Anna Pulley, Tribune News Service on

Published in Lifestyles

Dear Anna,

I could use your help. I rent a parking space during the workweek from a very charming woman who lives in the building across from my office. A coworker connected us through the doorman when I was looking for a space.

From the first time we spoke, there was a … familiarity. She asked if we’d met before. She’s always been kind and a little formal with me — sometimes even ignoring my coworker friend, who rents a space too. She’s gorgeous. I know she’s single. And I swear I’m picking up a little queer vibration.

I’d love to flirt or maybe ask her out, but I don’t want to make things awkward — especially since I see her regularly because of the parking arrangement. How do I make a move without being inconvenient or weird? — Parking Lot Unlocks Crush Kismet

Dear PLUCK,

First of all, I support a parking lot meet-cute. Deeply. Life is short. Romance should involve A LOT (sorry) more unconventional locales.

Second: You’re right to be cautious. This isn’t a one-off bar interaction. This is a woman whose property you are actively using several days a week. Which means the stakes are higher than usual, assuming you don’t want to avoid eye contact while parallel parking for the next six months. (Or however long you’re employed there.)

So the golden rule here is low pressure, easy exit, zero cornering.

Before we even get to logistics, a small reality check: Kindness is not necessarily flirting. Formality is not necessarily tension. And “queer vibration” is sometimes just hope wearing an inner-arm tattoo of a plant. So step one is to gather slightly more data.

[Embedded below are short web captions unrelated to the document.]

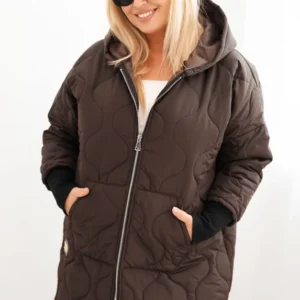 Moteriška žieminė striukė Plus Size su gobtuvu pūkuota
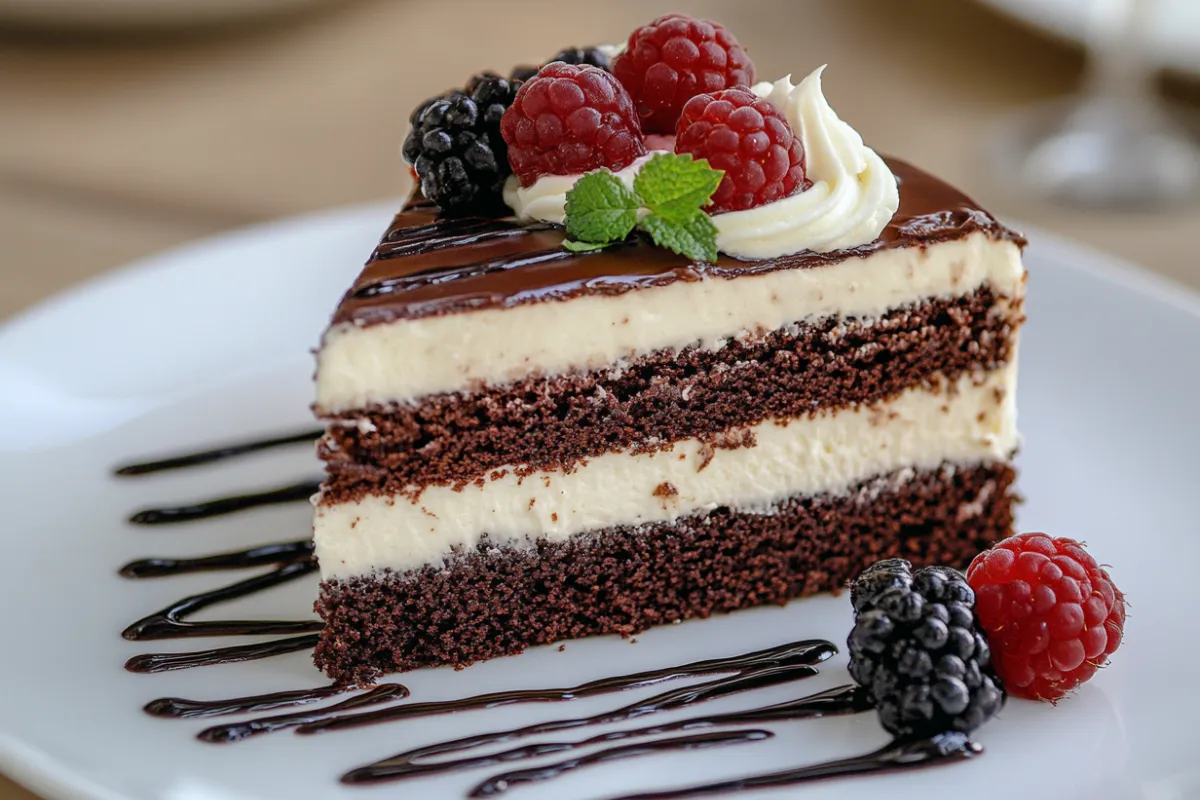 Layered Tuxedo Cake with dark chocolate cake, white chocolate mousse, and chocolate ganache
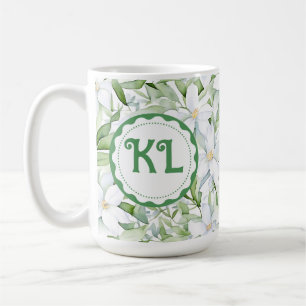 Pretty Watercolor White Flowers Personalised Coffee Mug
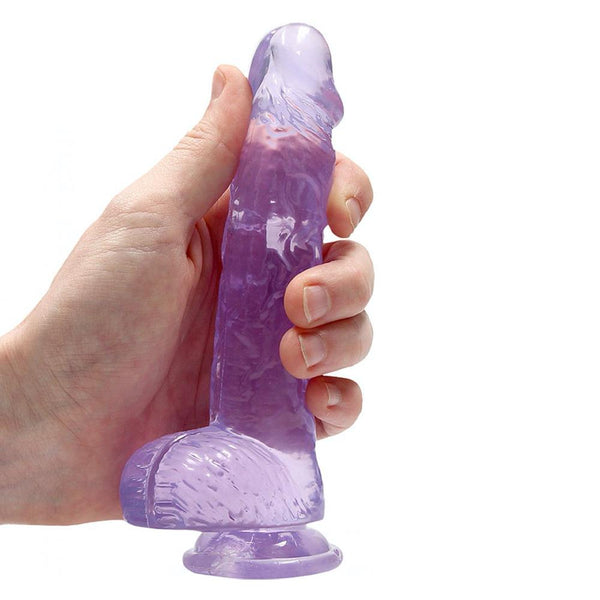 Shots America RealRock 6" Crystal Clear Dildo With Balls - Purple - Extreme Toyz Singapore - https://extremetoyz.com.sg - Sex Toys and Lingerie Online Store - Bondage Gear / Vibrators / Electrosex Toys / Wireless Remote Control Vibes / Sexy Lingerie and Role Play / BDSM / Dungeon Furnitures / Dildos and Strap Ons &nbsp;/ Anal and Prostate Massagers / Anal Douche and Cleaning Aide / Delay Sprays and Gels / Lubricants and more...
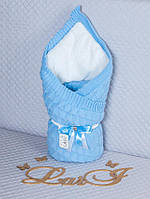 Одеяло-плед "Лапушка" (зима) (голубой, вязаное полотно акрил, зима, (90*90), Да)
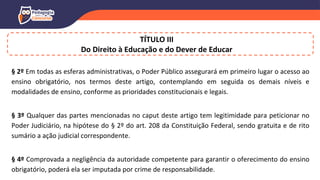 TÍTULO III
Do Direito à Educação e do Dever de Educar
§ 2º Em todas as esferas administrativas, o Poder Público assegurará em primeiro lugar o acesso ao
ensino obrigatório, nos termos deste artigo, contemplando em seguida os demais níveis e
modalidades de ensino, conforme as prioridades constitucionais e legais.
§ 3º Qualquer das partes mencionadas no caput deste artigo tem legitimidade para peticionar no
Poder Judiciário, na hipótese do § 2º do art. 208 da Constituição Federal, sendo gratuita e de rito
sumário a ação judicial correspondente.
§ 4º Comprovada a negligência da autoridade competente para garantir o oferecimento do ensino
obrigatório, poderá ela ser imputada por crime de responsabilidade.
 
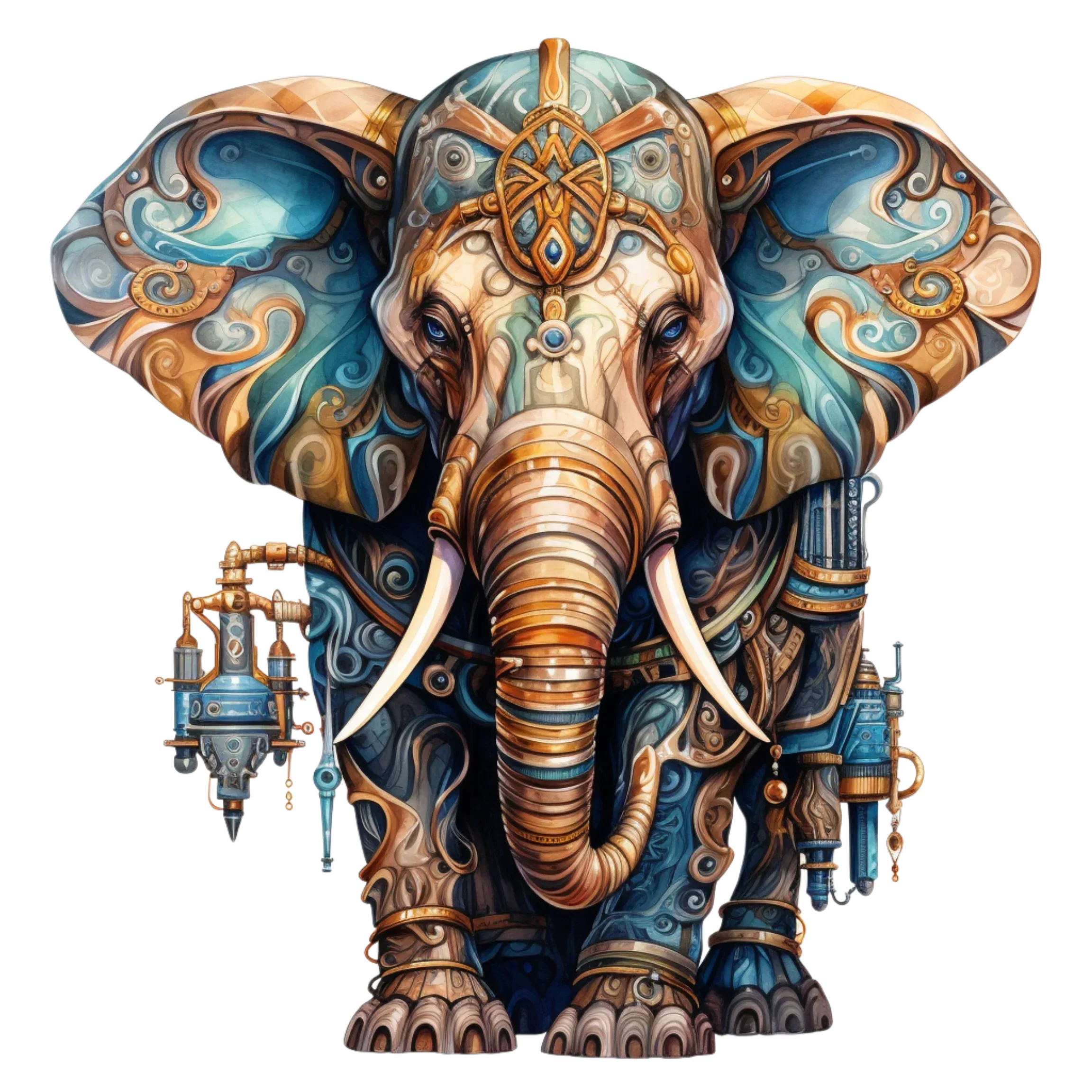 Wandbild Elefant Steampunk Kunstdruck auf Leinwand direkt zum Aufhängen | Wandbild Galerie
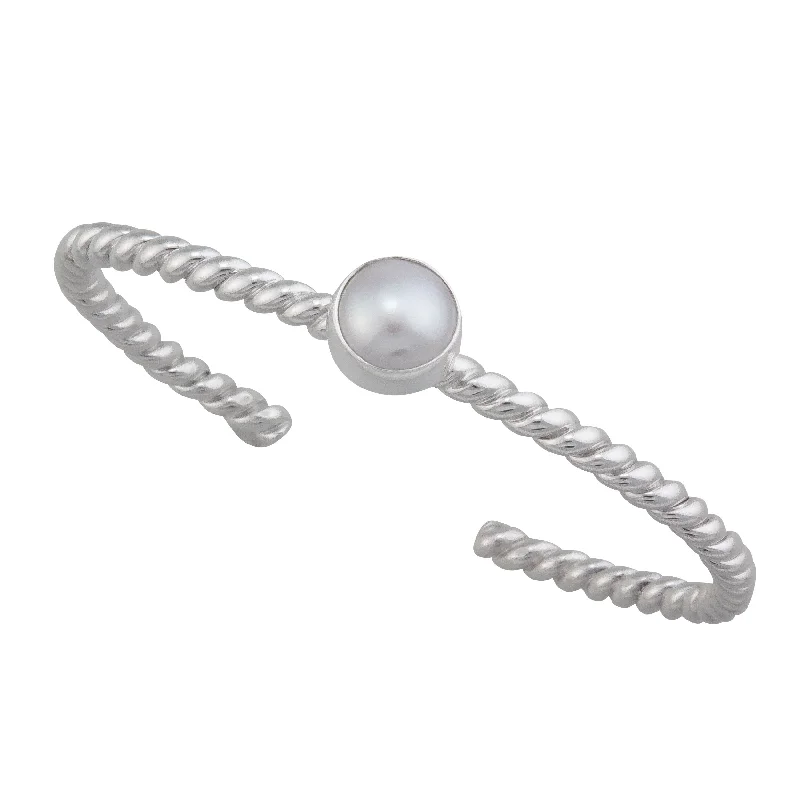 Sterling Silver Pearl Twist Mini Cuff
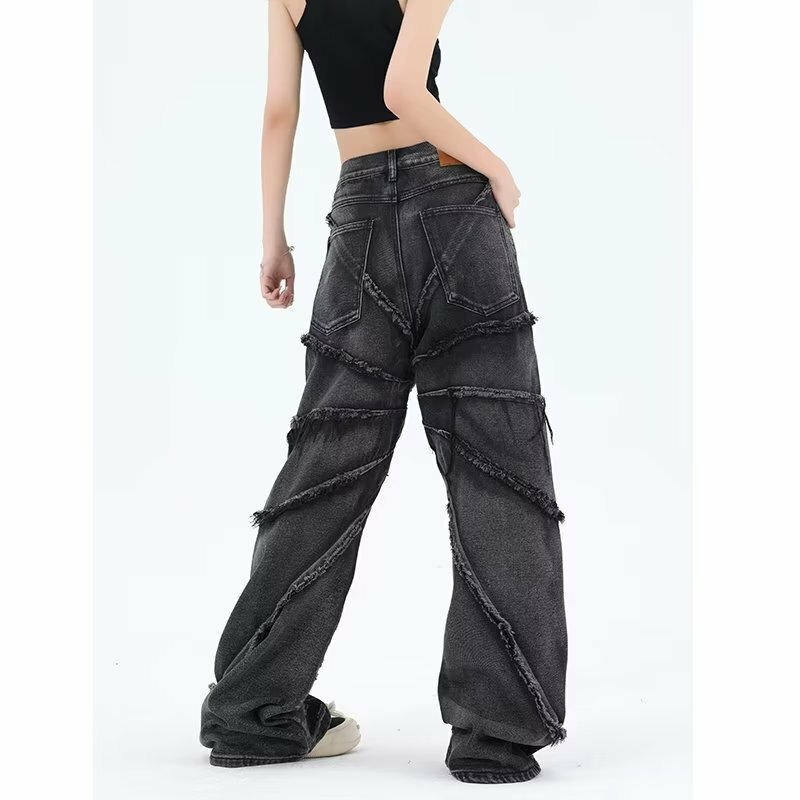 Американские ретро-джинсы Y2K с разрушительным пауком и необработанными краями для мужчин и женщин, Свободные повседневные брюки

Has she extended conversations beyond parking logistics? Does she ask you personal questions? Does she linger? Do the chats stick to polite territory or do they delve deeper? Ask your coworker for a gut check if you’re unsure — usually we (the crush-ers) are bad at sussing out these things.

If there’s genuine conversational energy, then you have a green-ish light to escalate. Gently.

Keep it breezy and optional. No grand gestures. No dramatic confessions between bumpers. Something casual and contained.

Like: “Hey, I’ve really enjoyed our chats. If you’d ever like to grab coffee sometime, I’d love that. No pressure at all — and totally fine if you’d rather keep things as they are.”

 

Then stop talking.

Do not oversell. Do not explain your sexuality thesis.

See what that does. Does she hesitate or say no? If so, you smile and say, “All good. See you next week,” and you behave exactly the same way you always have. Warm. Polite. Unweird.

If she says yes? Congratulations. Parking lot rom-com unlocked. (Potentially, at least. You’ll have to see how that coffee goes.)

One more thing: Don’t flirt in a way that traps her physically or socially. No blocking her path. Keep it daytime energy. Open body language. Quick exit available.

Also to consider: Ask yourself whether you’d still want to rent the space if she says no. If the answer is “I’d spiral every morning walking past her,” then maybe line up a backup parking plan before you ask her out.

And if you are wrong about the vibe? That’s OK. Adults survive mild awkwardness every day.

Plus, it will only be awkward if you make it awkward. Rejection is only strange when someone refuses to accept it gracefully. If she declines and you continue being polite and friendly, the awkwardness dissolves surprisingly fast.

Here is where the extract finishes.